And now we resume our regularly scheduled blogging
The family and I returned from our vacation yesterday, and a brilliant vacation it was. We spent nearly four weeks at a cottage near Ste-Agathe, Quebec, about 1.5 hours north of Montreal. The lake we were on is very small with pristine, clear water and doesn't allow power boats and only has about 25 or so cottages total. Activities included swimming, canoing, paddle boating, bonfires, reading, relaxing, watching old movies on VHS in the cottage, go karting, mini putting, bowling, only checking email once per week in the village, BBQing almost every night. We saw the most recent Harry Potter movie one day on a trip into Montreal and The Simpsons movie in Kingston on the way home. And speaking of Harry, we bought the new book in the village the day it came out; my wife and boys raced through it but I haven't gotten to it yet.

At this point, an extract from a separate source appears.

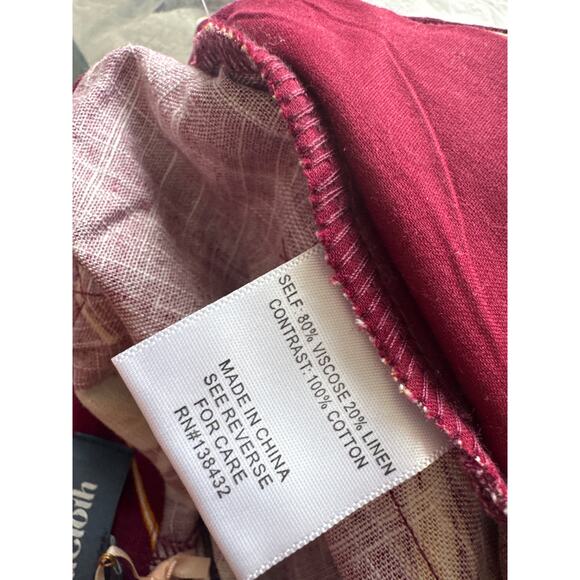 ModCloth Floral Print Linen Wide-Leg Cropped Pants Burgundy Womens Sz 00 NWT - Picture 8 of 10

We spent a couple of nights in Kingston at the wonderful Casablanca B&B, which we would heartily recommend. We also went on the Kingston Haunted Walk, which was good cheesy fun.
My reading included:
- Stolen by Kelley Armstrong
- Clear and Present Danger by Tom Clancy
- Days of Infamy by Harry Turtledove
- Chinatown Death Cloud Peril by Paul Malmont
- Dreaming in Code by Scott Rosenberg
- Ghost Brigades by John Scalzi
- Ghost Road Blues by Jonathan Maberry
Reviews of all the above are forthcoming both here and on the other blog; I wrote two and a half science book reviews while on vacation. I'm finding Smolin's Trouble with Physics a tough book to write about, for some reason. Both The Yiddish Policeman's Union by Michael Chabon and The Map That Changed the World: William Smith and the Birth of Modern Geology by Simon Winchester were started and are still in progress.